| Dataset content |
Start of Block
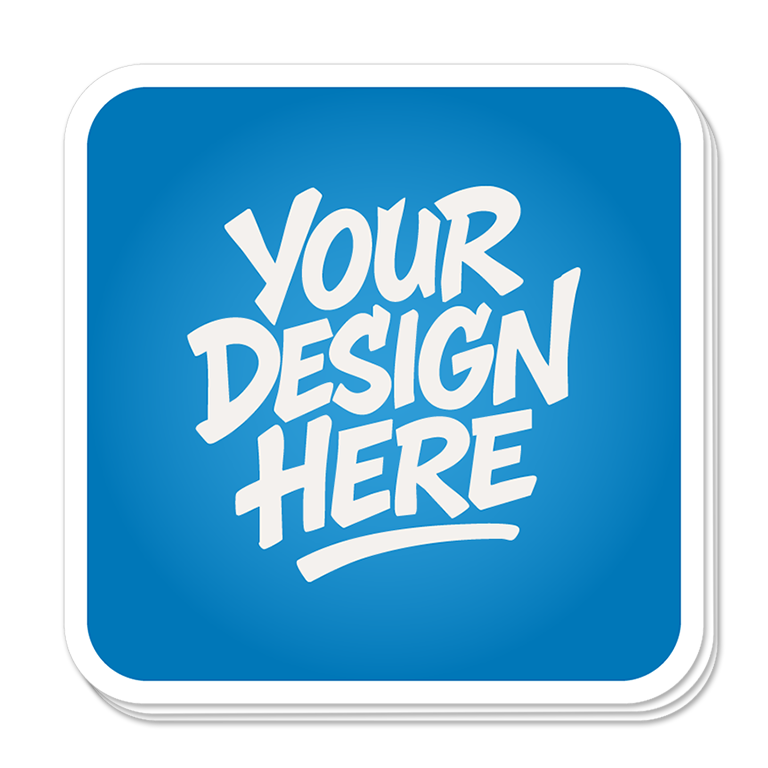 Rounded Corner Square Stickers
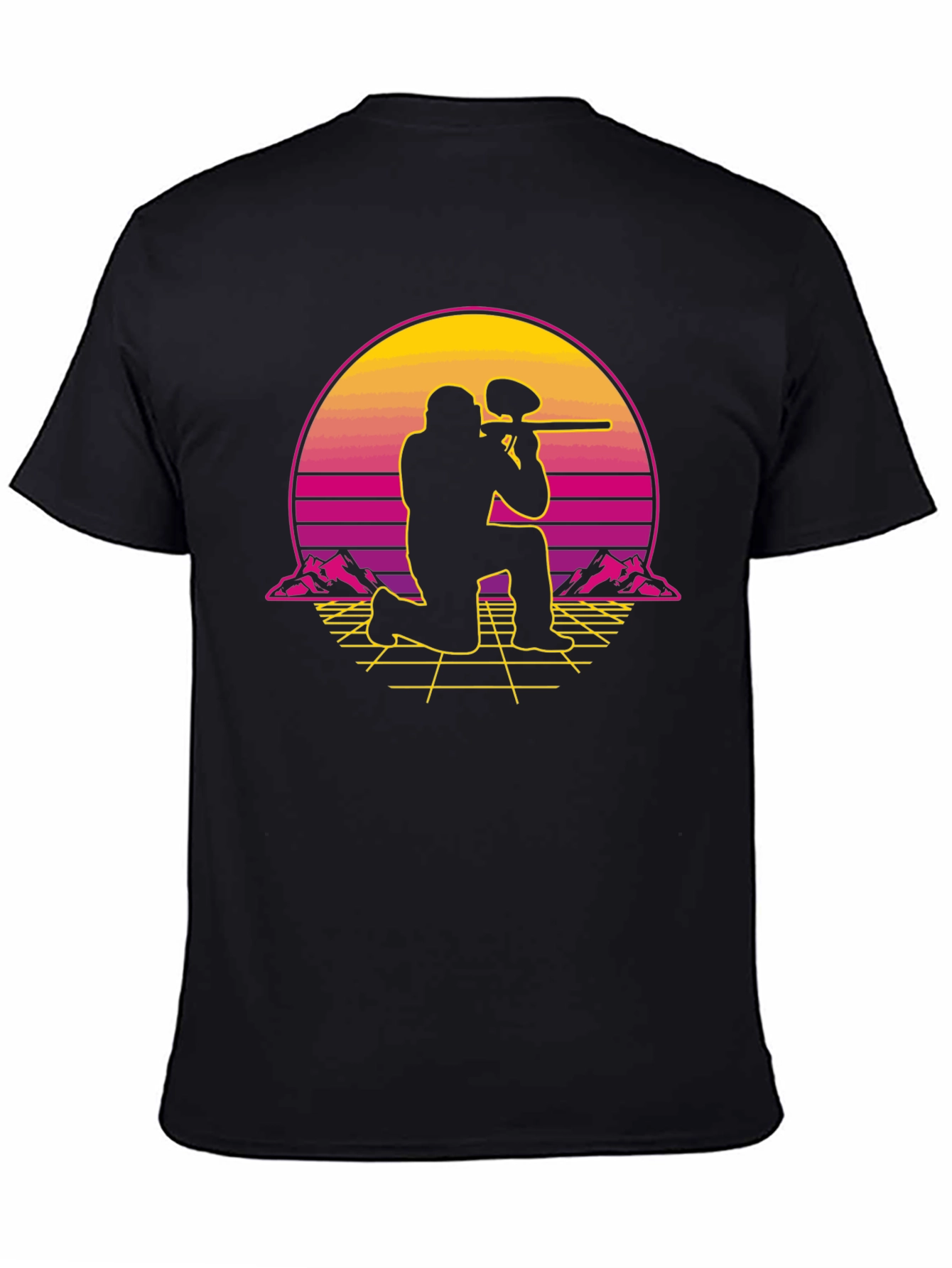 Paintball Sunset Graphic Tee - Retro Gamer Style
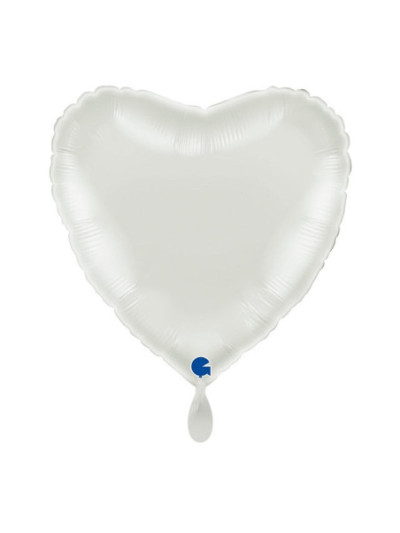 Weißer Herz-Ballon – Premium Dekoration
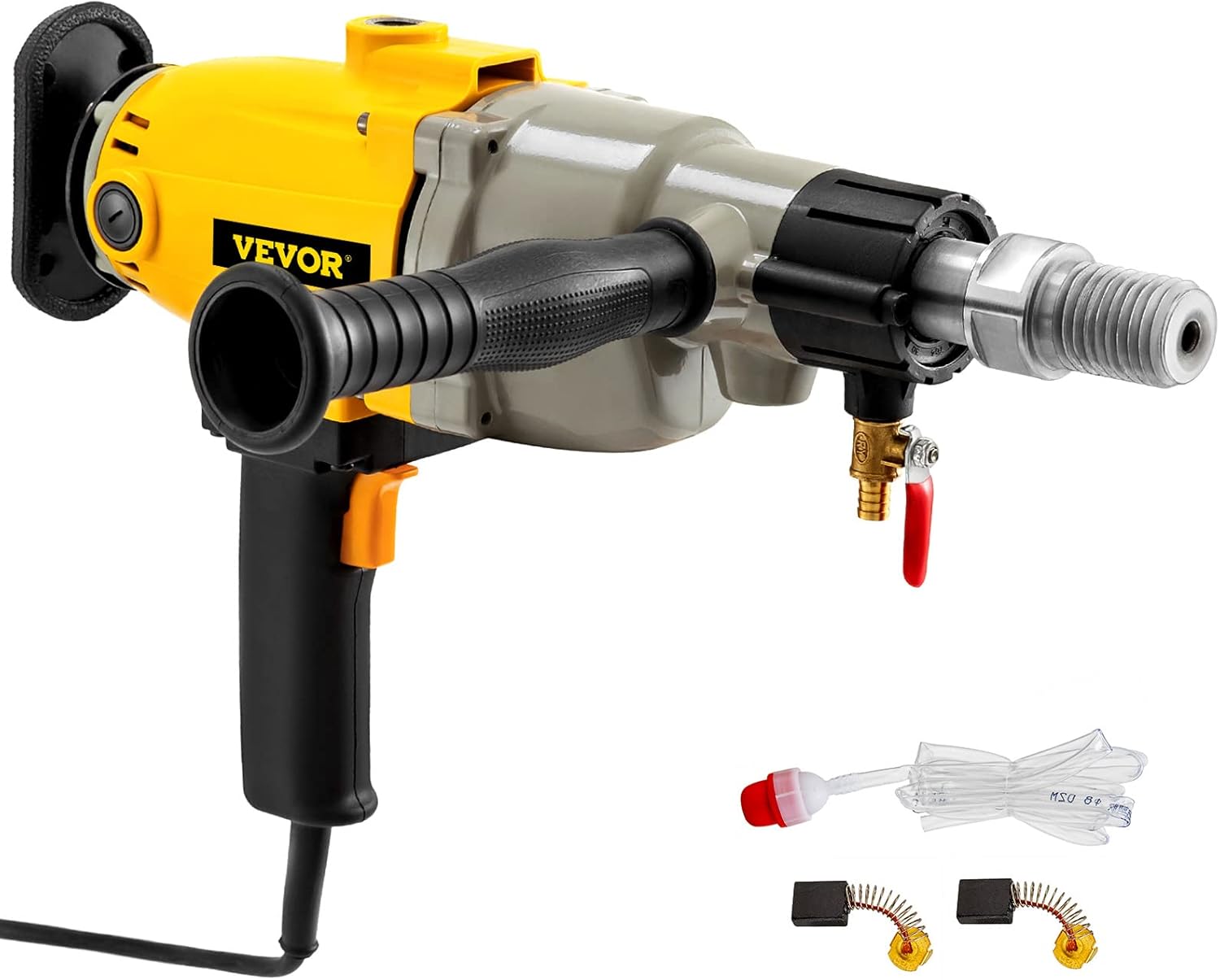 Happybuy Diamond Core Drilling Machine 7 Inch 180 mm Handheld Diamond Core Drill Rig Variable Speed Wet Dry Core Drill Rig Concrete Coring Drill Machine for Diamond Concrete Drilling Boring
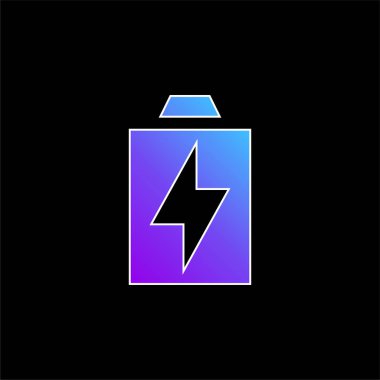 Pil mavi gradyan vektör simgesi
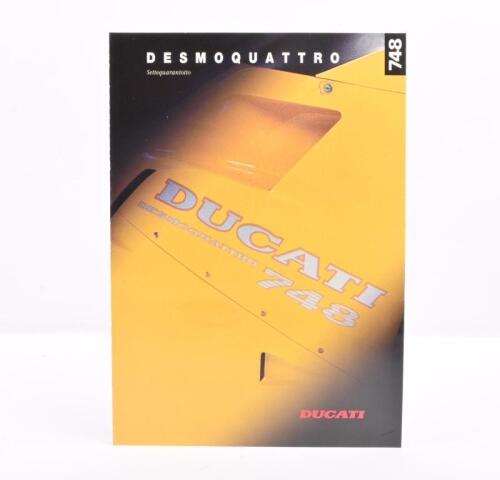 DUCATI: A 1995 Ducati 'Desmoquattro Settequarantto' 748 fold out sales brochure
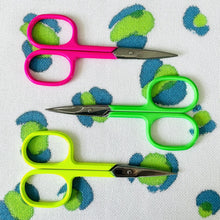 Load image into Gallery viewer, Neon Brights Embroidery Scissors - Stitchsperation
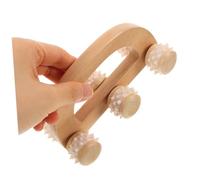 Beaupretty Wooden Massage Roller for Hand Relief Ergonomic Hand Roller Massager Tool for Self-Care Massage Routine Crafted from Natural Wood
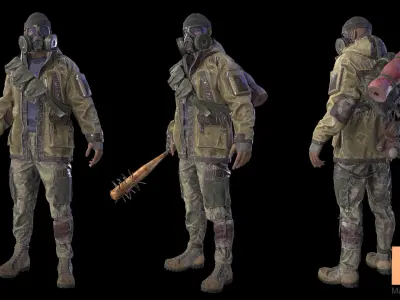 Adventure Character 02 Low-poly 3D model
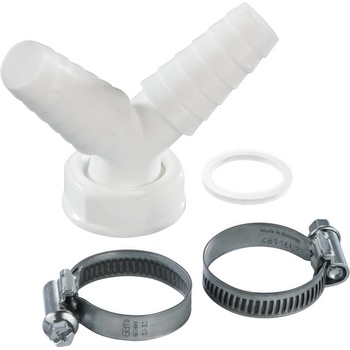 Xavax sifónová prípojka Y, pre 2 odtokové hadice k 1 sifónu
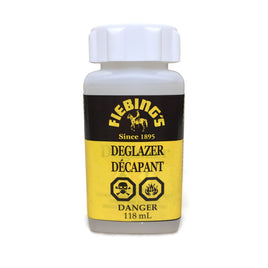 Fiebing's Deglazer 4 oz Bottle Leather Dyeing Strip Preparer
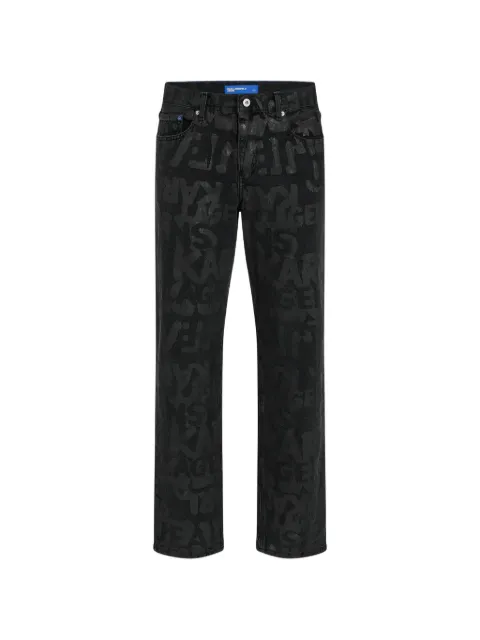 Karl Lagerfeld Jeans logo-print straight jeans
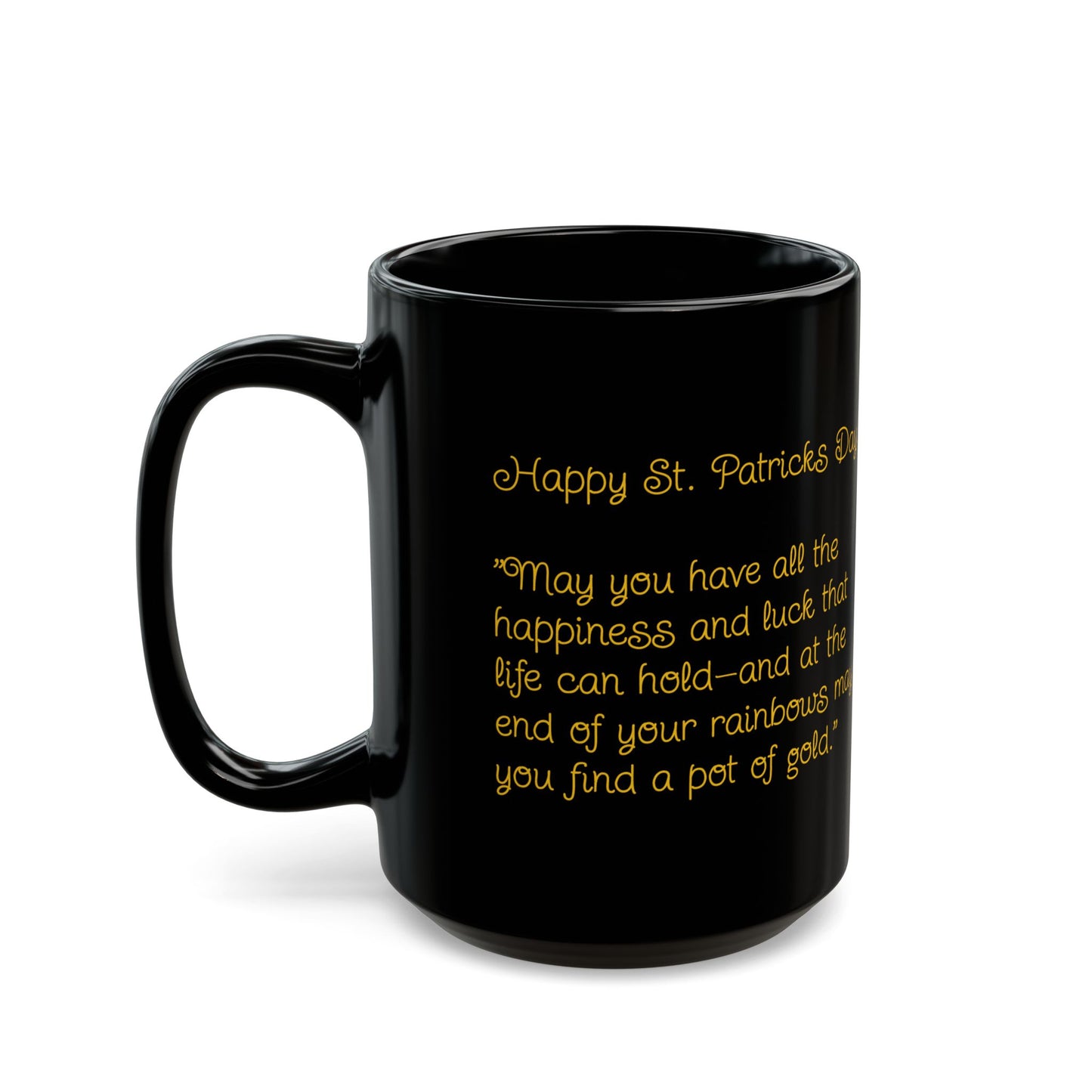 Irish Blessing - Pot of Gold Design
End of Block
| Action item |
Reproduce the material above from its first line through the line containing "Pil mavi gradyan vektör simgesi", both ends included, and skip every picture.

| Result |
 Rounded Corner Square Stickers
 Paintball Sunset Graphic Tee - Retro Gamer Style
 Weißer Herz-Ballon – Premium Dekoration
 Happybuy Diamond Core Drilling Machine 7 Inch 180 mm Handheld Diamond Core Drill Rig Variable Speed Wet Dry Core Drill Rig Concrete Coring Drill Machine for Diamond Concrete Drilling Boring
 Pil mavi gradyan vektör simgesi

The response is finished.